=== Section Start ===

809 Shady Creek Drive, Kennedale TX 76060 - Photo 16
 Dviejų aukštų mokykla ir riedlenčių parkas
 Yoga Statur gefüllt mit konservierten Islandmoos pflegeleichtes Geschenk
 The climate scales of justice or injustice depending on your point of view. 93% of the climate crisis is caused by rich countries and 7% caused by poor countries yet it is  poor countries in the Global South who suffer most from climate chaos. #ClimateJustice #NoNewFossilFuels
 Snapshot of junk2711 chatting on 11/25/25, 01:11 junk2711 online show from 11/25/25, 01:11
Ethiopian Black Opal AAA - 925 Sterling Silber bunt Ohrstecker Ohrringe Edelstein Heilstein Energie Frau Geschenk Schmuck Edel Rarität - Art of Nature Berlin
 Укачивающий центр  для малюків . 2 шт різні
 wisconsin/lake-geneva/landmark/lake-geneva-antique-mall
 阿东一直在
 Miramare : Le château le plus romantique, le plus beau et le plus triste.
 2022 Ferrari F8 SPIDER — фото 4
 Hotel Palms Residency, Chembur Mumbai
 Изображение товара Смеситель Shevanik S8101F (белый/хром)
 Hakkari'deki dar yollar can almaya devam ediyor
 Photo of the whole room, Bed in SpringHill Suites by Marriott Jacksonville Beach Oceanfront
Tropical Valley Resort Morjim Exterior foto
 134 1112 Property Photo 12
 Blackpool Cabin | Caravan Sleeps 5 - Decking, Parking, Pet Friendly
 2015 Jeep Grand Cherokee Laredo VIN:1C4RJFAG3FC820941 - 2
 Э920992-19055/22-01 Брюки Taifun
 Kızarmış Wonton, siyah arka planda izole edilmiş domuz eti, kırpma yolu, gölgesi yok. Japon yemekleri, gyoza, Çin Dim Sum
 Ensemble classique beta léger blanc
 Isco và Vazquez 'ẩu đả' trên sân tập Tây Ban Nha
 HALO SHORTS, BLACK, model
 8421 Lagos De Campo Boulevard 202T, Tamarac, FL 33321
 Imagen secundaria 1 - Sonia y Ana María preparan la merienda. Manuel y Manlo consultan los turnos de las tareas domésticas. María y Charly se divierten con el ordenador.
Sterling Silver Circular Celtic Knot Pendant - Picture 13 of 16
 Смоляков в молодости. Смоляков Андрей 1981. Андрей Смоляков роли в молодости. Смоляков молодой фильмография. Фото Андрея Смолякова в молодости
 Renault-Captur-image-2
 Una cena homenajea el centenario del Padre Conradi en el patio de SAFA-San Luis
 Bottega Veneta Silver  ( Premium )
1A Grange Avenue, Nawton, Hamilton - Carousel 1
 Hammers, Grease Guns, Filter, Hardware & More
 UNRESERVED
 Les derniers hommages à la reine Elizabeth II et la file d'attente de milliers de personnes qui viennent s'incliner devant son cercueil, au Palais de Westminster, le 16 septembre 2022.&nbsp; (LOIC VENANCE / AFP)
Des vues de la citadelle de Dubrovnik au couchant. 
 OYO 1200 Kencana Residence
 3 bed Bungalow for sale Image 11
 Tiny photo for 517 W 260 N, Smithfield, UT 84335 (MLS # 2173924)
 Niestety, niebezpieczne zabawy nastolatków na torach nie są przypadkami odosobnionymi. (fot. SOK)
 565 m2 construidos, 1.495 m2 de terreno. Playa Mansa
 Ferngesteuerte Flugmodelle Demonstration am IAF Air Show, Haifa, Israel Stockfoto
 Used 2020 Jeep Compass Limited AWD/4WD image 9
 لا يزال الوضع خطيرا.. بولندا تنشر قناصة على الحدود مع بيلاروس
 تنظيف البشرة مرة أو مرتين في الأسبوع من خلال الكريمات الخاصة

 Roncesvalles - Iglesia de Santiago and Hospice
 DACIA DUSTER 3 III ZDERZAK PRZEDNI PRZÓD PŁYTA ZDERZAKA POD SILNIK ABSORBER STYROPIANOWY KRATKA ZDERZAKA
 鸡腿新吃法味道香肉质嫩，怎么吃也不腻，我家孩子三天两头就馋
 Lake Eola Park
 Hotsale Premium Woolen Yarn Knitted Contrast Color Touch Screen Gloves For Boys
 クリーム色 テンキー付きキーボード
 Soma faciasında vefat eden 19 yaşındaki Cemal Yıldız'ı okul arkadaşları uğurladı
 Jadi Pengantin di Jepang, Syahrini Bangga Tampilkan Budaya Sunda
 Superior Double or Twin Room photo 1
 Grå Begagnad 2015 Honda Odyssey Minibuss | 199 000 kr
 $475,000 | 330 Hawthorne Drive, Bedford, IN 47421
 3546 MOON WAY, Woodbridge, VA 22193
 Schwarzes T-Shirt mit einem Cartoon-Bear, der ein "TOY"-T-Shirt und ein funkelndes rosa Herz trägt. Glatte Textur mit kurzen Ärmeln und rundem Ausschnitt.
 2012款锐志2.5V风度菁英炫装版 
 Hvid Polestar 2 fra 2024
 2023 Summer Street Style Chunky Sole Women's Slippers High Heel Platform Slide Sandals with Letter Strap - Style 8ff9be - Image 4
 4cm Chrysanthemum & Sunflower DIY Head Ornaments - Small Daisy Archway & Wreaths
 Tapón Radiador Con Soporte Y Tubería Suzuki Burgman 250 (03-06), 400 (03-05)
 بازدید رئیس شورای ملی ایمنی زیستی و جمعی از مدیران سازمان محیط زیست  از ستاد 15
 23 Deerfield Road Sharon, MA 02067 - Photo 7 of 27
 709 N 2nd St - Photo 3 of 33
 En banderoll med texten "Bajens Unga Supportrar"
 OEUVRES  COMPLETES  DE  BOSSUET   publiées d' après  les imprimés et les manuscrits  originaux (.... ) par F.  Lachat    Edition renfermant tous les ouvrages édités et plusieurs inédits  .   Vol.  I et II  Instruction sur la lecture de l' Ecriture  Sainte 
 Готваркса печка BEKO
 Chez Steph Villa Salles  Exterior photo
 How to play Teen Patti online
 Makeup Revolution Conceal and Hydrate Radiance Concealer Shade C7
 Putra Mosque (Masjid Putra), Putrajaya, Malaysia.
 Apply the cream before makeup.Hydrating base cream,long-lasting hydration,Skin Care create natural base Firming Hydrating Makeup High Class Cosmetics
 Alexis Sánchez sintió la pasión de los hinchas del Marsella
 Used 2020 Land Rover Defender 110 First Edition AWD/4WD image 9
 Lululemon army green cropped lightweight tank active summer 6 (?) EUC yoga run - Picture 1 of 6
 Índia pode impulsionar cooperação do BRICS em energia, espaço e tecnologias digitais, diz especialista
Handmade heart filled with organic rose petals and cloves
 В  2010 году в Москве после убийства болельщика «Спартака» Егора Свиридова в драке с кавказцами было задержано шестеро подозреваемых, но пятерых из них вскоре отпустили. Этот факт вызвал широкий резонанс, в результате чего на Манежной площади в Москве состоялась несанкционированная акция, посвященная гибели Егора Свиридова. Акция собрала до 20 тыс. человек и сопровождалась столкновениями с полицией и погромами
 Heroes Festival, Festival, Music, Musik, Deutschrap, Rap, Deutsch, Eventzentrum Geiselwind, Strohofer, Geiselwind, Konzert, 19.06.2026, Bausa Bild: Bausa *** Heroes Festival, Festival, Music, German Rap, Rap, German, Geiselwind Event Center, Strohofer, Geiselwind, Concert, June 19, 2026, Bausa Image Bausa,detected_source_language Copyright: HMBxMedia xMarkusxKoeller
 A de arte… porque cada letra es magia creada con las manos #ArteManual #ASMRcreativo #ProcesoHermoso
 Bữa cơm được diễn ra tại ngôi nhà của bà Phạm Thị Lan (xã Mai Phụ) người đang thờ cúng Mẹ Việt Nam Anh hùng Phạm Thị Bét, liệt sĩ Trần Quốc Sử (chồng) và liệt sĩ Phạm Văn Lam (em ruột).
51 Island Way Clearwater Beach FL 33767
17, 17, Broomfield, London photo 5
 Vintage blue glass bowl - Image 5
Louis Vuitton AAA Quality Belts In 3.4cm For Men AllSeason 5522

=== Section End ===

* [Instructions for the task]
Reproduce exactly, and only, the part of the listing above that begins at the line with "Hotsale Premium Woolen" and goes on through the line with "En banderoll med".

* [Answer for the task]
 Hotsale Premium Woolen Yarn Knitted Contrast Color Touch Screen Gloves For Boys
 クリーム色 テンキー付きキーボード
 Soma faciasında vefat eden 19 yaşındaki Cemal Yıldız'ı okul arkadaşları uğurladı
 Jadi Pengantin di Jepang, Syahrini Bangga Tampilkan Budaya Sunda
 Superior Double or Twin Room photo 1
 Grå Begagnad 2015 Honda Odyssey Minibuss | 199 000 kr
 $475,000 | 330 Hawthorne Drive, Bedford, IN 47421
 3546 MOON WAY, Woodbridge, VA 22193
 Schwarzes T-Shirt mit einem Cartoon-Bear, der ein "TOY"-T-Shirt und ein funkelndes rosa Herz trägt. Glatte Textur mit kurzen Ärmeln und rundem Ausschnitt.
 2012款锐志2.5V风度菁英炫装版 
 Hvid Polestar 2 fra 2024
 2023 Summer Street Style Chunky Sole Women's Slippers High Heel Platform Slide Sandals with Letter Strap - Style 8ff9be - Image 4
 4cm Chrysanthemum & Sunflower DIY Head Ornaments - Small Daisy Archway & Wreaths
 Tapón Radiador Con Soporte Y Tubería Suzuki Burgman 250 (03-06), 400 (03-05)
 بازدید رئیس شورای ملی ایمنی زیستی و جمعی از مدیران سازمان محیط زیست  از ستاد 15
 23 Deerfield Road Sharon, MA 02067 - Photo 7 of 27
 709 N 2nd St - Photo 3 of 33
 En banderoll med texten "Bajens Unga Supportrar"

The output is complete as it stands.